# [YOUR OBJECTIVE]
Transcribe the entries that follow exactly as they appear, minus pictures.

# [GIVEN RECORDS]
------

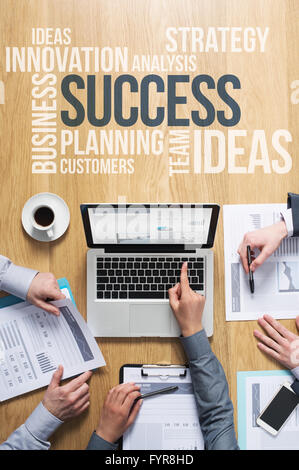 Business team hands at work with financial reports and a laptop, business and marketing text concepts on top Stock Photo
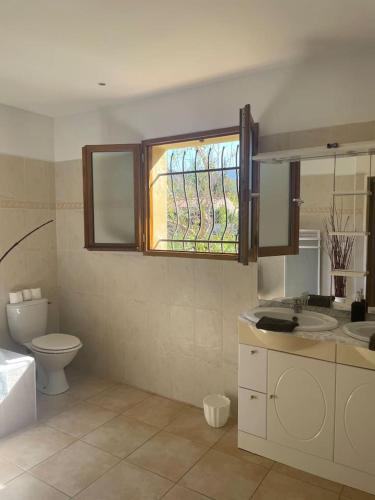 une salle de bain avec toilettes, lavabo et fenêtre dans l'établissement Quillan Villa with Pool, à Quillan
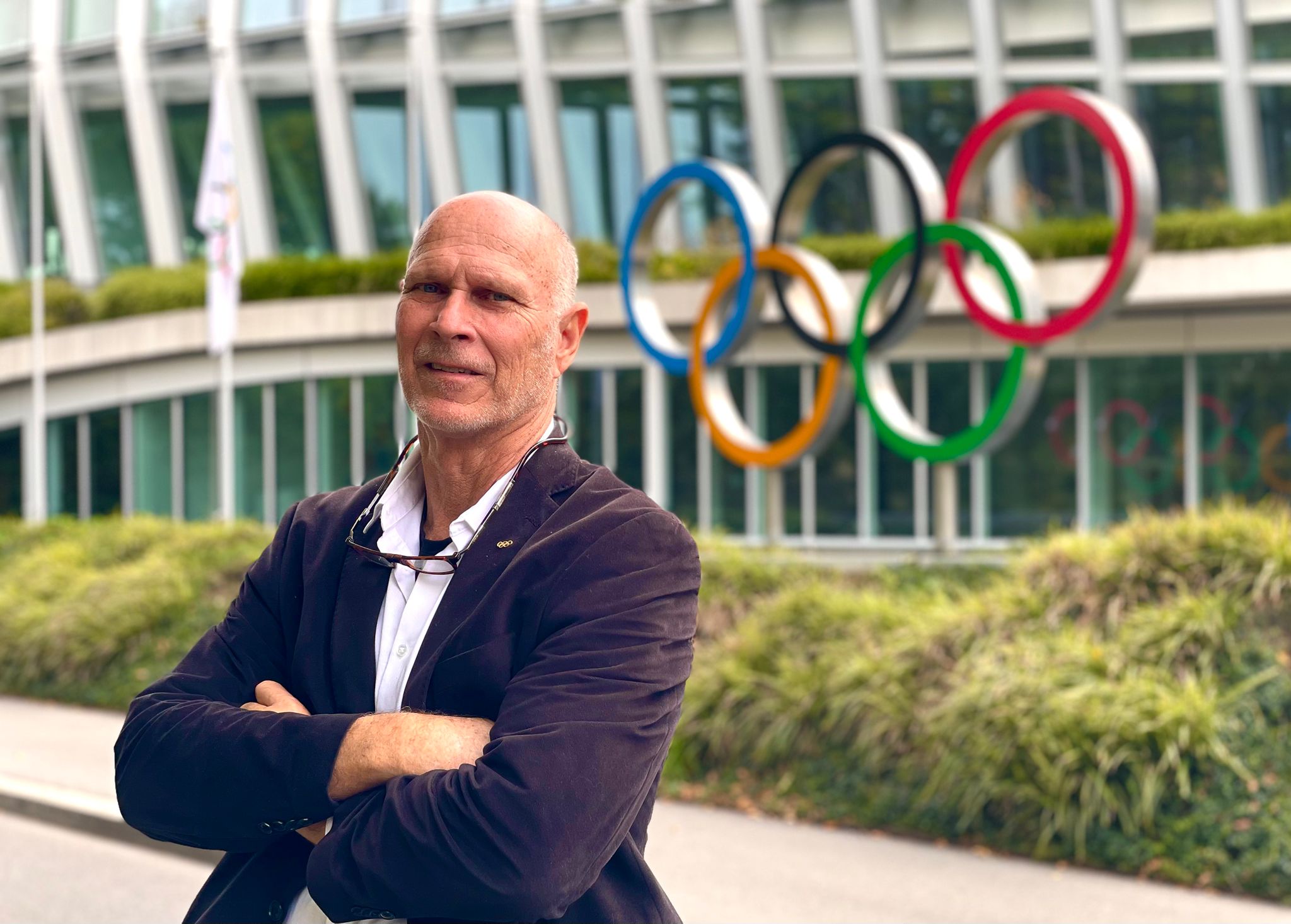 Liston Bochette and The Olympic Rings in front of the IOC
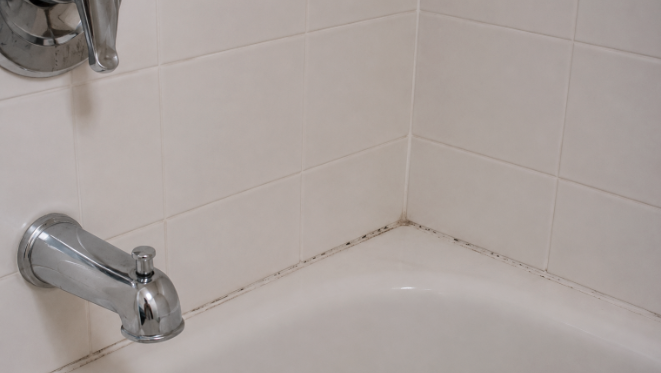 Tub corner showing early silicone discolouration along the joint where the tub meets the tile wall.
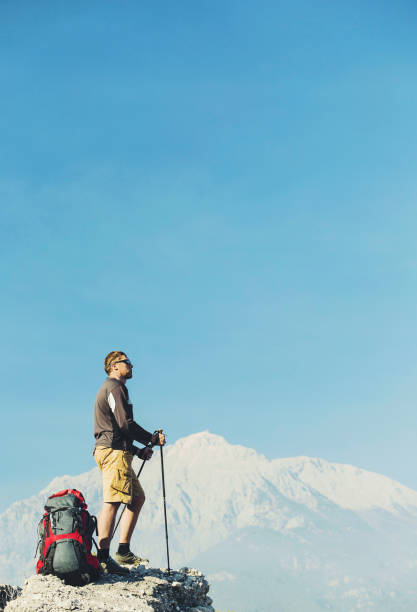 istock Summer hike in the mountains with a backpack and tent. 902504500
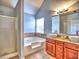 Bathroom showcasing a bathtub with decorative tile, a shower and dual vanity at 4871 Ship Jack Ln, Decatur, GA 30035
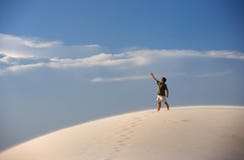 Man Atop Sand Dune Pointing At The Sky Royalty Free Stock Photo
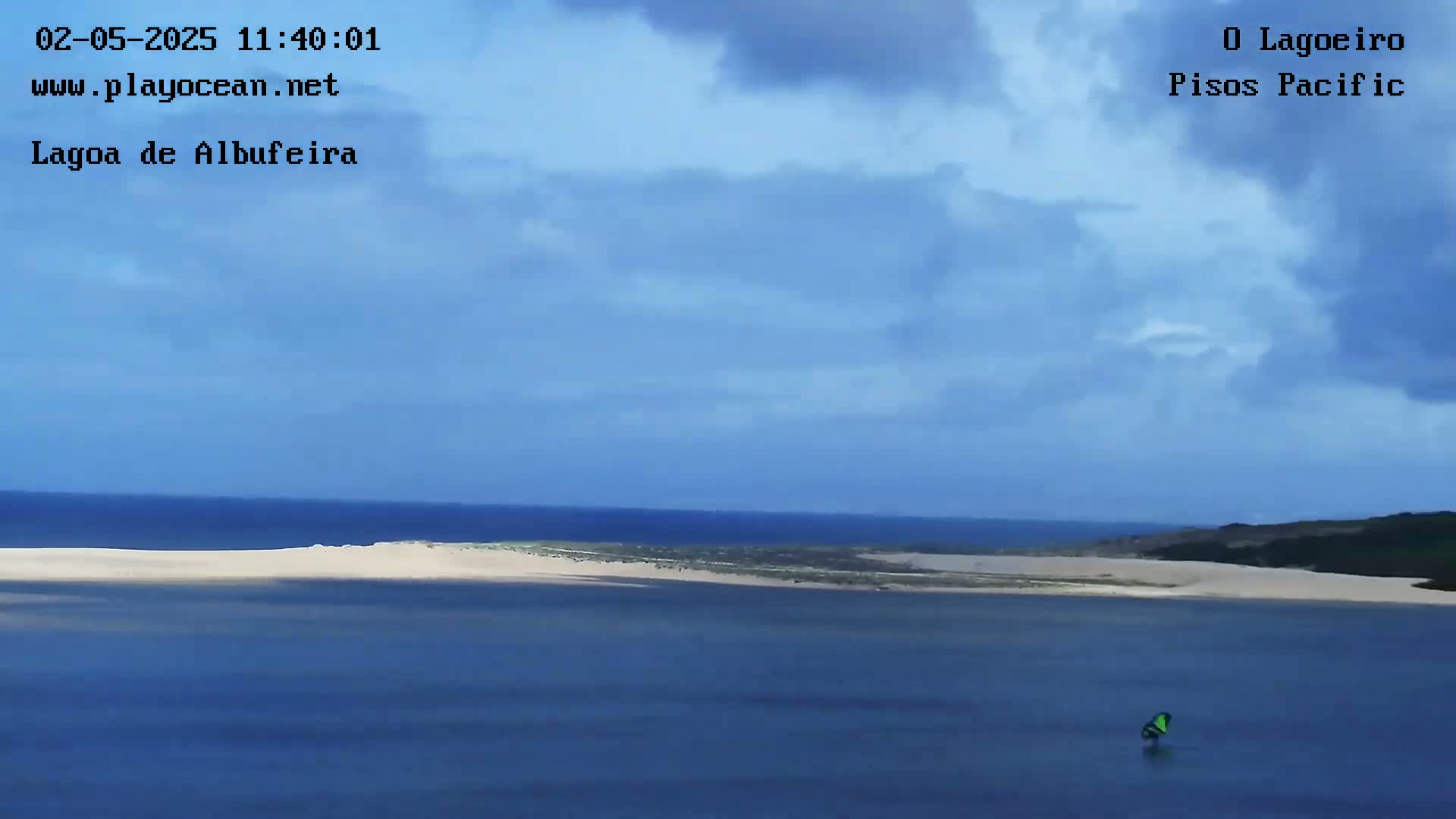 A windsurfer is visible on calm, blue water,  with a sandy shoreline and a partly cloudy sky.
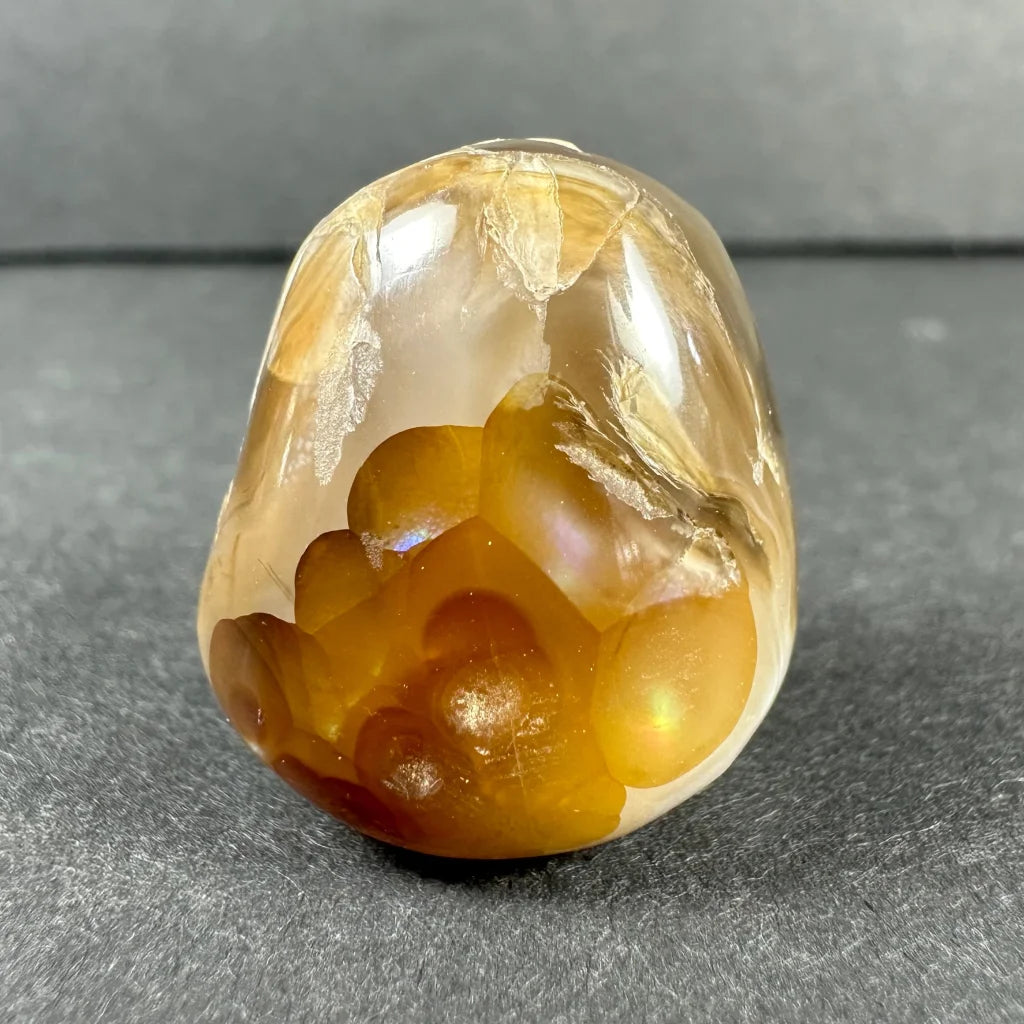 Stunning amber agate geode with golden swirls and crystals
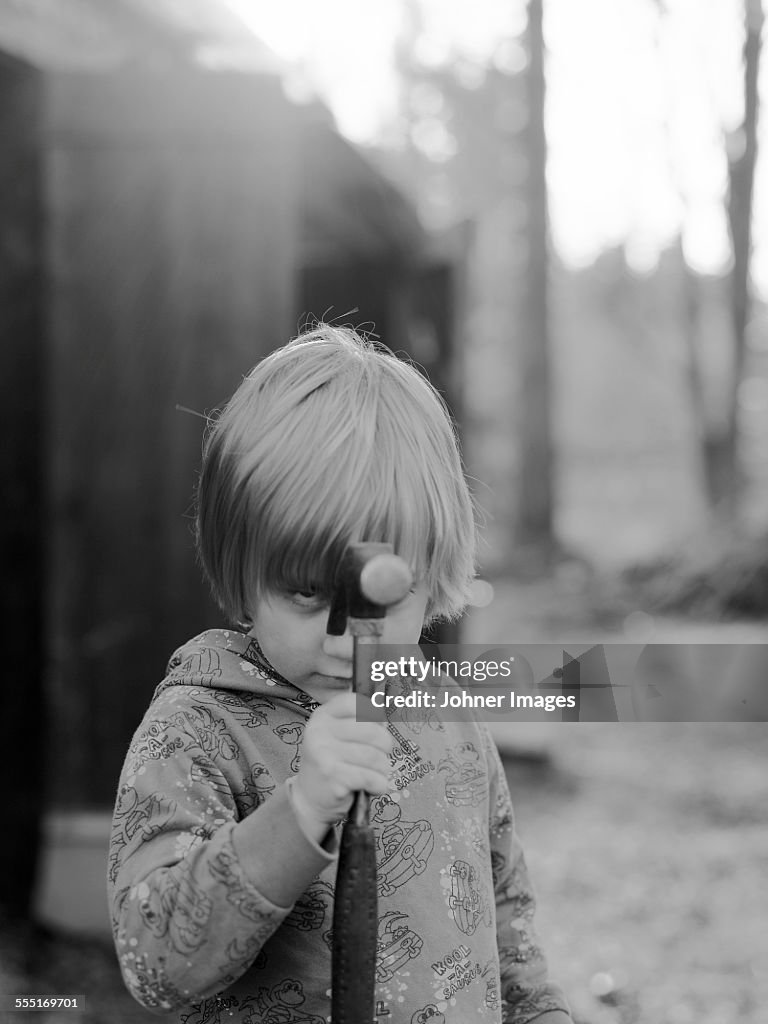 Boy holding hammer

------

# [WRITTEN ANSWER]
 Business team hands at work with financial reports and a laptop, business and marketing text concepts on top Stock Photo
 une salle de bain avec toilettes, lavabo et fenêtre dans l'établissement Quillan Villa with Pool, à Quillan
 Liston Bochette and The Olympic Rings in front of the IOC
 Tub corner showing early silicone discolouration along the joint where the tub meets the tile wall.
 istock Summer hike in the mountains with a backpack and tent. 902504500
 Bathroom showcasing a bathtub with decorative tile, a shower and dual vanity at 4871 Ship Jack Ln, Decatur, GA 30035
 Man Atop Sand Dune Pointing At The Sky Royalty Free Stock Photo
 A windsurfer is visible on calm, blue water,  with a sandy shoreline and a partly cloudy sky.
 Stunning amber agate geode with golden swirls and crystals
 Boy holding hammer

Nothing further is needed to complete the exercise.